7)Thesis Title: Eliciting and Visualizing Actionable User Preferences
Type: BSc/MSc
Description of Topic: A key feature of personalization is the elicitation and utilization of a user’s preferences to anticipate their future choices. Any form of prompting during the elicitation process, however, might critically affect what information is divulged by the user, suggesting that a passive learning process might be appropriate. On the other hand, theoretical analysis (see https://www.researchgate.net/publication/316279661_Introspective_Forecasting) suggests that passive learning is inappropriate if one wishes to acquire actionable knowledge. The project seeks to reconcile these views by exploring the use of preference elicitation in a real-world setting. Depending on the internship type, the project can be adapted towards identifying a domain in which preference elicitation can be useful and empirically exploring the effectiveness of different learning strategies, or towards the development and analysis of formal elicitation processes that exhibit certain desirable properties.
8)Thesis Title: Crowdsourced Event Reporting in a Smart City Setting
Type: BSc/MSc
Description of Topic: The “wisdom of the crowd” has been used extensively to elicit reliable information from a collection of potentially unreliable sources, typically relying on the cognitive abilities of humans to compute an answer, recall information, or express an opinion.
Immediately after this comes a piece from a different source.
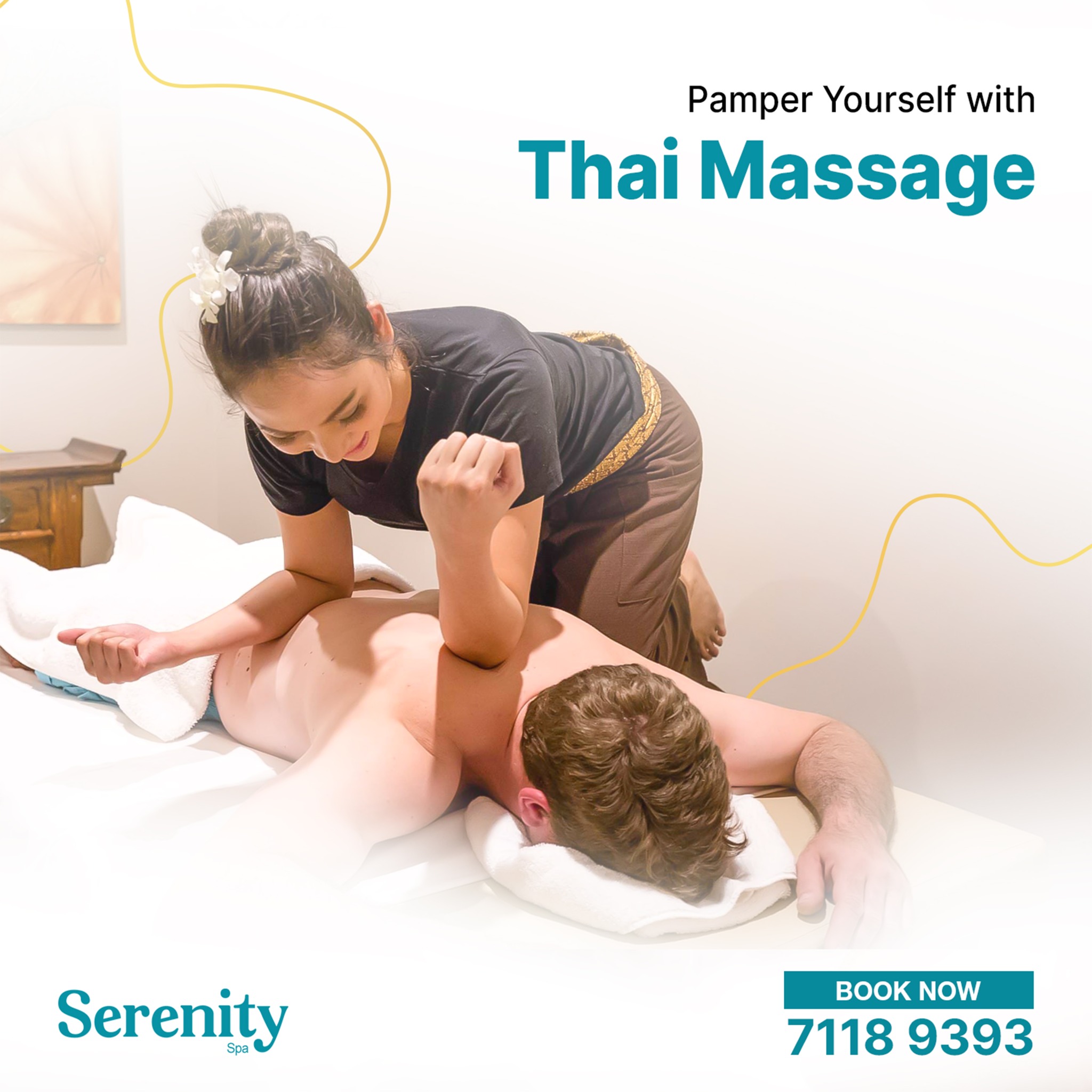 Serenity Spa Facebook ad from Apr 13, 2026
In the era of the Internet of Things, and with the widespread use of mobile smart devices (such as smartphones, smartwatches, etc.), humans in a crowdsourcing context can also be viewed as sensing devices with an admittedly powerful edge-computing ability to recognize events or situations. This project aims to develop a crowdsourcing application that runs on mobile smart devices and that offers a one-button solution to reporting events in a smart city setting, along with a back-end server application to collect, evaluate, aggregate, and visualize the reported events. Depending on the internship type, the project can be adapted towards the development of the applications and their empirical evaluation, or towards the design and analysis of appropriate incentive schemes and aggregation methods to guarantee the quality of the reporting.